Skype offers both free and for-a-fee voice over IP (VoIP) communications services, including instant messaging, audio calls, video conferencing, and the ability to call mobile and landlines from a user's computer.

The Congressional announcement is as follows:

"Today, Committee on House Administration Chairman Dan Lungren, R-Calif., and House Technology Operations Team Chairman Jason Chaffetz, R-Utah, issued the following joint statement after announcing that the House has enabled its public Wi-Fi network to allow Members and staff to utilize Skype and ooVoo video teleconferencing services:"

“We are pleased to announce that, after working with Republican Leaders and various House stakeholders, Members and staff can now use popular video teleconferencing services within the House network to communicate with constituents."

“During a time when Congress must do more with less, we believe that these low-cost, real-time communication tools will be an effective way to inform and solicit feedback from constituents. We thank the CAO for ensuring that Members and staff can utilize these services while maintaining the necessary level of IT security within the House network, and look forward to identifying additional technological solutions to communication and transparency roadblocks.”

The decision to use Skype raises questions over the integrity of communications channels used by our nation's leadership. Experts and advocacy groups have repeatedly issued concerns over the service's lax security.

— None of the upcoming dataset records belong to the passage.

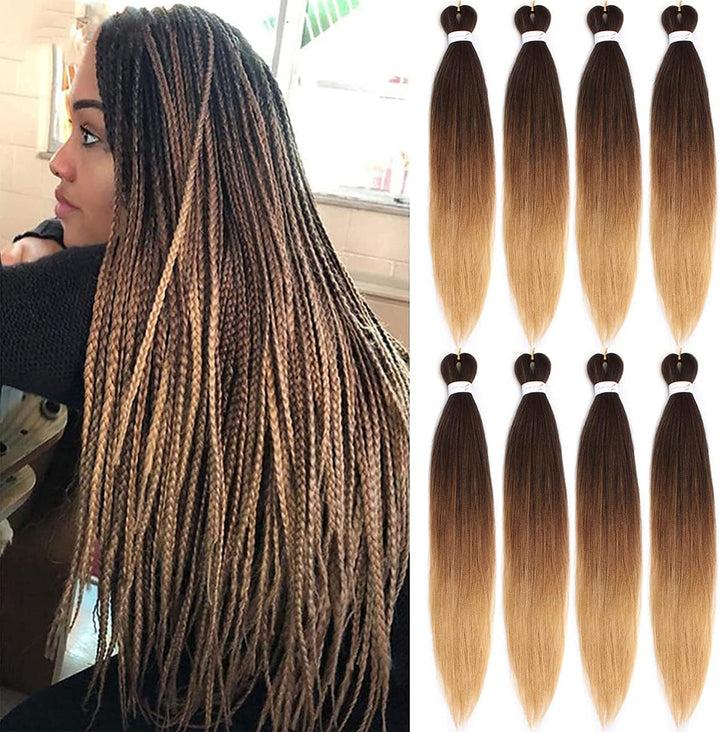 3 Packs Pre Stretched Braiding Hair Extension Yaki Texture EZ Braids Hair for Coi Leray Braids Black Braiding Crochet Hair Extensions /30 Inch 1B#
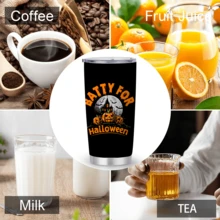 1/5pcs 20oz Stainless Steel Insulated Tumbler, Black Background Haunted House Pumpkin Batty For Halloween Moon Print, Leak‑Proof Sealed Lid, Reusable Insulated Tumbler For Spooky Theme Gathering, Camping, Commute And Daily Coffee Use - Halloween Pumpkin - View 6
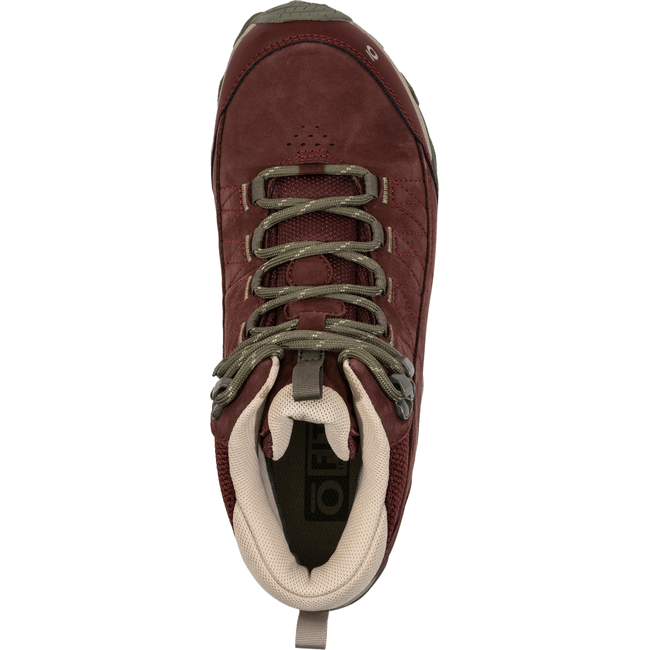 Top down view of Oboz Women&#39;s Ousel Mid Waterproof Hiking Boot in port red nubuck leather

In March, Privacy International identified the following vulnerabilities in Skype as areas of major concern:

  • Skype interface uses arbitrary names rather than unique IDs, allowing for people to be impersonated in the user list
  • Skype downloads are not sent over a secure, encrypted SSL connection (HTTPS), allowing other sites to masquerade as the main site and supply compromised versions of the software - which that has occurred in China
  • the audio compression system used by Skype allows for identification of phrases with an accuracy of between 50% and 90% even with encryption applied

"If the company cannot address and resolve these issues for those who are seeking secure communications, then vulnerable users will continue to be exposed to avoidable risks. Skype's misleading security assurances continue to expose users around the world to unnecessary and dangerous risk. It's time for Skype to own up to the reality of its security and to take a leadership position in global communications," said Eric King, Privacy International's human rights and technology adviser.

The announcement also comes on the heels of revelations that Microsoft had filed a application in 2009 seeking to patent technology that allows for surreptitious recording of Skype transmissions.

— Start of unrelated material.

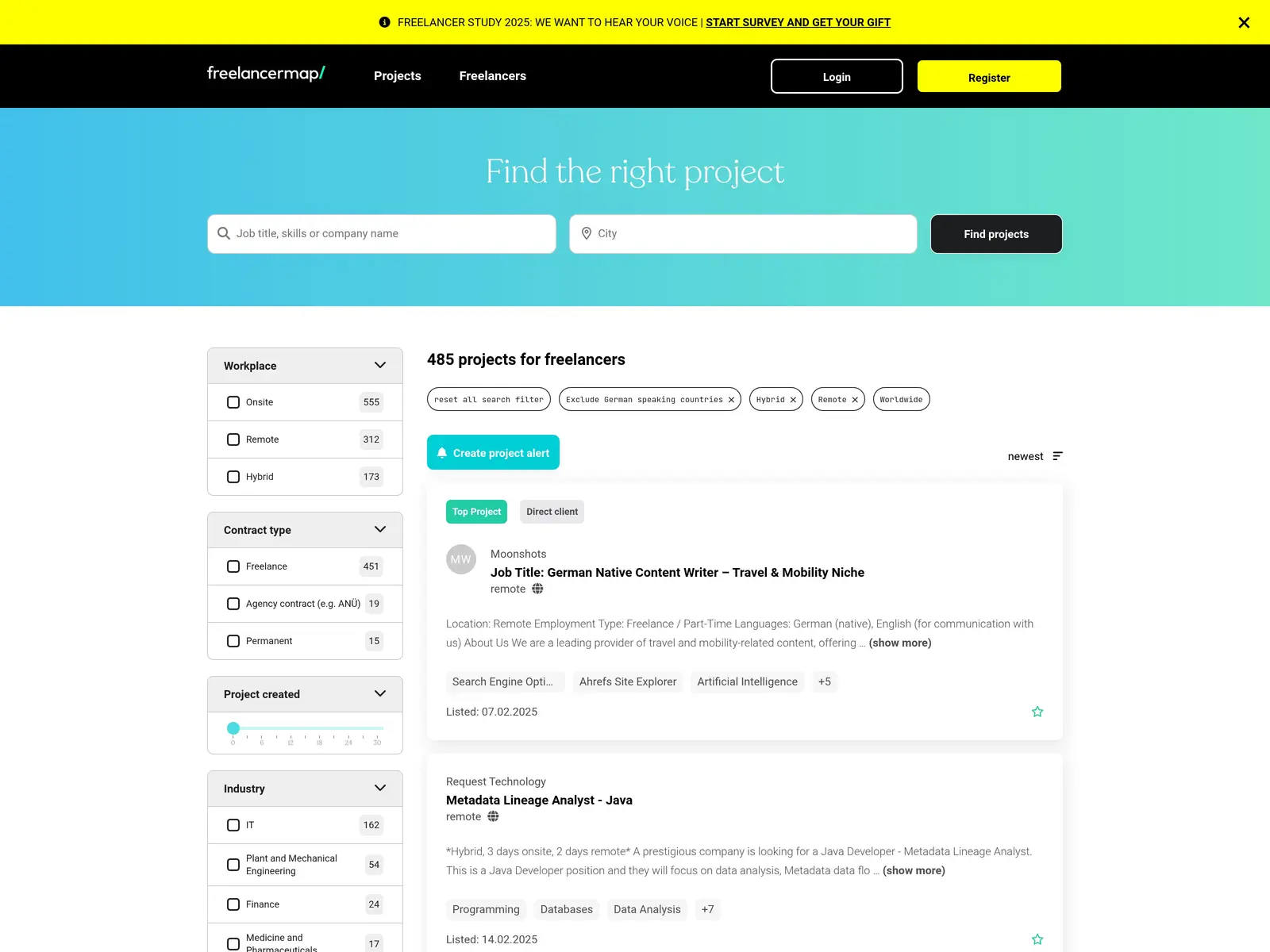 Screenshot of freelancermap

The patent's abstract states:

"Aspects of the subject matter described herein relate to silently recording communications. In aspects, data associated with a request to establish a communication is modified to cause the communication to be established via a path that includes a recording agent... Because of the way in which the data has been modified, the protocol entity selects a path that includes the recording agent. The recording agent is then able to silently record the communication."

The announcement that Congress will be employing Skype, combined with the well documented security vulnerabilities and subsequent acknowledgement that there is at least a theoretical mechanism to covertly record communications sent through the service, presents a triple whammy for those concerned about security and privacy, especially when there are national security implications.